Faster bitwise operator

**Yarin** · 04-27-2009

Is != or < faster?
In the bignum class I made, != is faster. And just from what I can best think of, it would be for the processor register comparison too.
But I just wanted to confirm this with you guys - which is faster?

**whiteflags** · 04-27-2009

I would wager that both are done in constant time, and whether one is faster than the other depends on processing power.

**matsp** · 04-27-2009

For simple types (e.g. integers and floats), they are identical. I actually fail to see how they would be majorly different in a bignum class or similar either - you compare from the most significant bit and if the current element is different or greater/lesser doesn't make any difference to the processor - it's still a compare operation (or memory read in processors like 68K, PDP-11, VAX, 6502, 6809) followed by a branch/jump instruction.

So unless there is some major difference in the implementationin your bignum class [e.g. one reads single bytes and the other does larger chunks, 32- or 64-bit words] , I don't understand why one would be better than the other.

--
Mats

**anon** · 04-27-2009

For example a string. If they have a different length, then != is true. On the other hand, strings of unequal length might begin with a very long equal sequence before they differ.

**matsp** · 04-27-2009

Originally Posted by anon

For example a string. If they have a different length, then != is true. On the other hand, strings of unequal length might begin with a very long equal sequence before they differ.

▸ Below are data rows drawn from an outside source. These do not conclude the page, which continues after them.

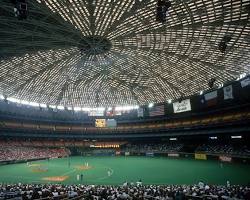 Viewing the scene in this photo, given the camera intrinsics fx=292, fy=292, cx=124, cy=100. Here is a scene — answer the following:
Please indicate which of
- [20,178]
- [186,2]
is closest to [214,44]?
[186,2]

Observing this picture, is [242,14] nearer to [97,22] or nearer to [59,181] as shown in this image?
[97,22]

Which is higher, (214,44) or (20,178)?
(214,44)

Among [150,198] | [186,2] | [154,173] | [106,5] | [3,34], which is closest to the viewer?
[150,198]

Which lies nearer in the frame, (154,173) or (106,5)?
(106,5)

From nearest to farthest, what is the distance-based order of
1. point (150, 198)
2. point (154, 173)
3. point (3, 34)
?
point (150, 198)
point (3, 34)
point (154, 173)

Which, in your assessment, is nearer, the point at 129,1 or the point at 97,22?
the point at 129,1

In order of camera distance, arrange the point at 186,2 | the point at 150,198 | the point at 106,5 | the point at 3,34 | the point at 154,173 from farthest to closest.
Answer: the point at 154,173
the point at 3,34
the point at 106,5
the point at 186,2
the point at 150,198

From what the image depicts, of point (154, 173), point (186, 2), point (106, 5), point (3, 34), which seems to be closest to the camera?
point (186, 2)

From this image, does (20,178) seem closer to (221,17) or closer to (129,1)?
(129,1)

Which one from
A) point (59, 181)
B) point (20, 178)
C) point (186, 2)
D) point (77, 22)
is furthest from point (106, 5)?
point (20, 178) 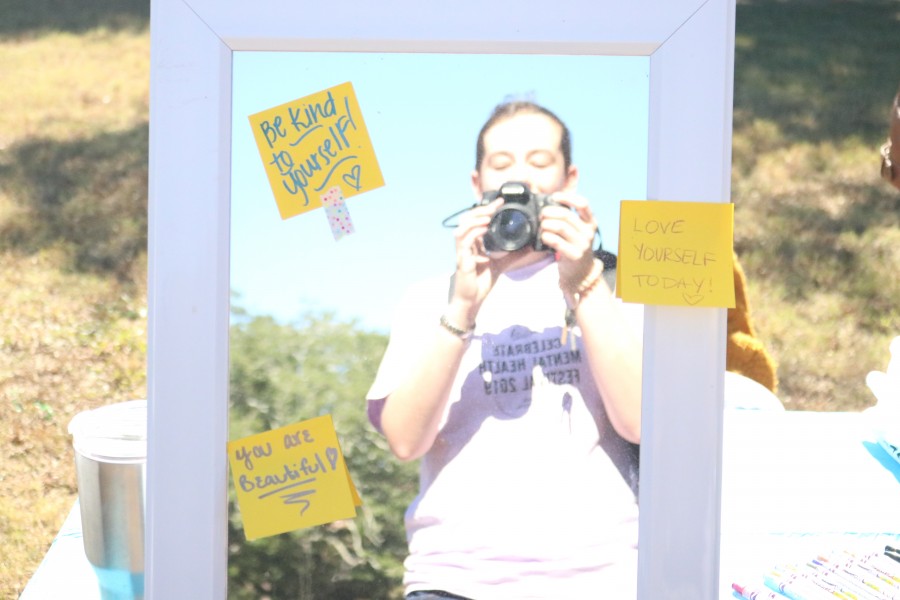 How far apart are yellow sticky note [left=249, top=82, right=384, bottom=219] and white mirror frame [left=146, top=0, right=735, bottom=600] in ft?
0.14

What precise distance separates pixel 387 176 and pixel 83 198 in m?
3.07

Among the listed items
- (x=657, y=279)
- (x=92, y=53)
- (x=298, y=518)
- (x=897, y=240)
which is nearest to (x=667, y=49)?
(x=657, y=279)

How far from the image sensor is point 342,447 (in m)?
0.96

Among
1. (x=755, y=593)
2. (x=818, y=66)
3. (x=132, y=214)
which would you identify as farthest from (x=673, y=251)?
(x=818, y=66)

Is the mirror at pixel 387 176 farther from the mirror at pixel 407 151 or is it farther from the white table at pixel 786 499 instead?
the white table at pixel 786 499

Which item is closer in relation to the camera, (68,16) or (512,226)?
(512,226)

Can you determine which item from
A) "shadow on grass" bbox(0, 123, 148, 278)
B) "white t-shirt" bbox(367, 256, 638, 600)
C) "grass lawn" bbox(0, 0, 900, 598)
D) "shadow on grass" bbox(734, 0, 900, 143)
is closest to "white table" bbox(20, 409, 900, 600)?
"white t-shirt" bbox(367, 256, 638, 600)

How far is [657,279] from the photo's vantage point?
3.03ft

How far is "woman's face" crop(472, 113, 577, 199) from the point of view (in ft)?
3.05

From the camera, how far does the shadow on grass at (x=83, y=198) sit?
3543mm

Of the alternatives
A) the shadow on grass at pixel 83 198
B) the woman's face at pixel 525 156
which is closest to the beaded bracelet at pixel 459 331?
the woman's face at pixel 525 156

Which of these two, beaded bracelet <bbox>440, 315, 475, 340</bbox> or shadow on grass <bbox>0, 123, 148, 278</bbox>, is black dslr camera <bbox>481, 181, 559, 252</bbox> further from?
shadow on grass <bbox>0, 123, 148, 278</bbox>

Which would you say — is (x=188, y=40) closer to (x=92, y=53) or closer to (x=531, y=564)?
(x=531, y=564)

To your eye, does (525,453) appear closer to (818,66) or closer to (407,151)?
(407,151) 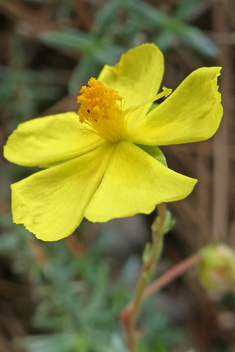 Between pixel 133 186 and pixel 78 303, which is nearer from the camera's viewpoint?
pixel 133 186

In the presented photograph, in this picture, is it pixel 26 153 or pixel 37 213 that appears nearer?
pixel 37 213

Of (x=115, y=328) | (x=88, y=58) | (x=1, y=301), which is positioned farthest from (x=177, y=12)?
(x=1, y=301)

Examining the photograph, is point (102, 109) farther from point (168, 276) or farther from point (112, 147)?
point (168, 276)

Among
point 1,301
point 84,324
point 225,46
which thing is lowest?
point 1,301

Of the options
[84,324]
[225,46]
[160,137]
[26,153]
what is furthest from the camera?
[225,46]

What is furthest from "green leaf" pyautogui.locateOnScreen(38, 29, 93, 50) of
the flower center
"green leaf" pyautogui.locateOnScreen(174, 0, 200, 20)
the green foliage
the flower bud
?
the flower bud

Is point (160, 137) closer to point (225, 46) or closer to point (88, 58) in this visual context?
point (88, 58)

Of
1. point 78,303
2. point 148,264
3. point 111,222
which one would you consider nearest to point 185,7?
point 111,222

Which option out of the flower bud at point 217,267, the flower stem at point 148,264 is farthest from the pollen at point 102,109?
the flower bud at point 217,267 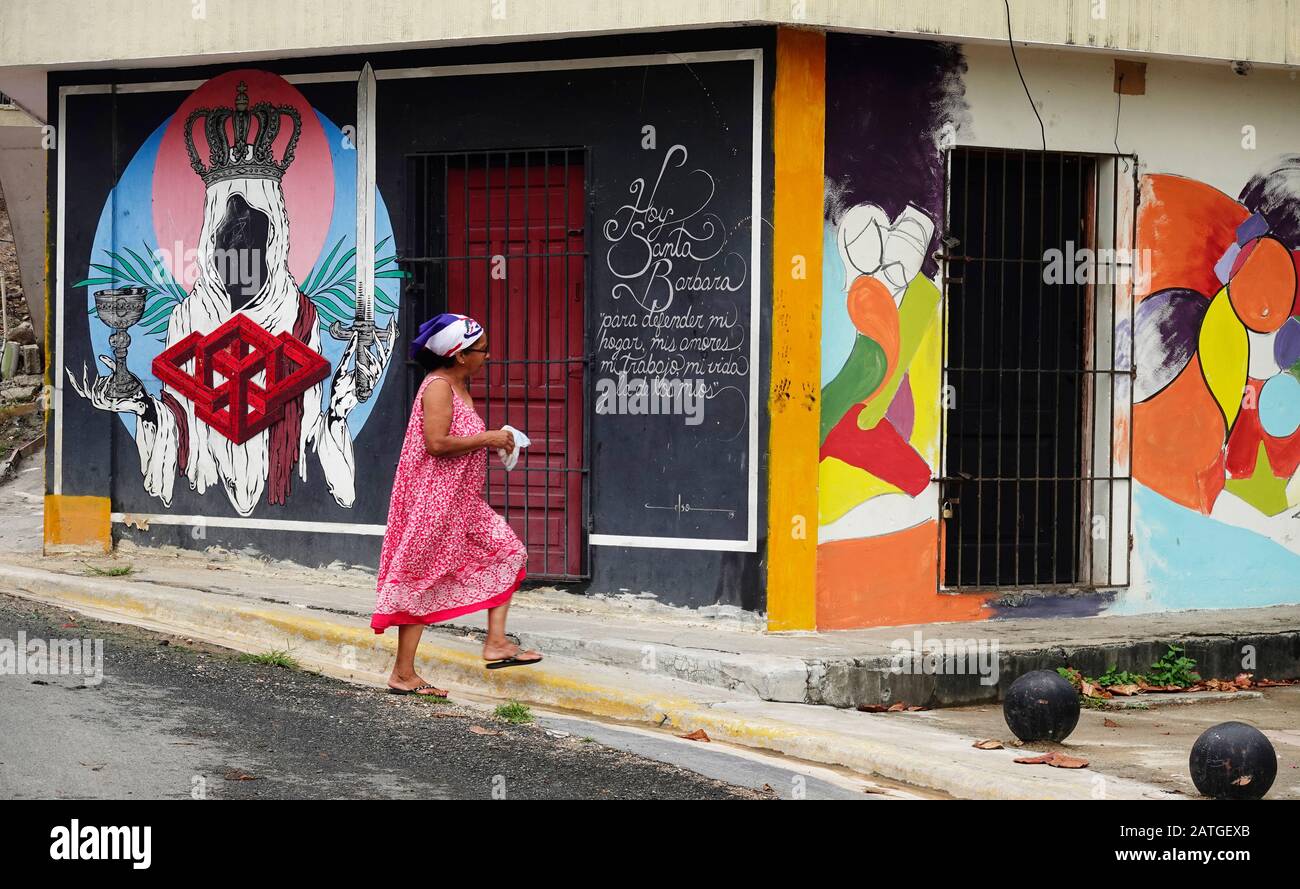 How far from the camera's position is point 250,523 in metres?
10.8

Sure. But I bet most string compares just compare the string itself, without comparing length! Because for many cases, it's either equal length (and thus no benefit) or the beginning is not similar.

Certainly, MS VS 2008 implementation of basic_string::compare() doesn't compare lengths.

--
Mats

**JVene** · 04-27-2009

Back to "Is != or < faster?" specifically, let me invoke a hint of history here.

This is the same in C or C++; they are elementary statements.

C was originally written to replace an assembler, essentially to be a chip independent assembler or just slightly higher than assembler.

Many constructs in the elementary syntax of C (and therefore C++) translate into 1 assembler instruction, when a chip supports that as such. These two happen to translate to x86 instructions of identical meaning (!= or <, >, >=, <=, etc).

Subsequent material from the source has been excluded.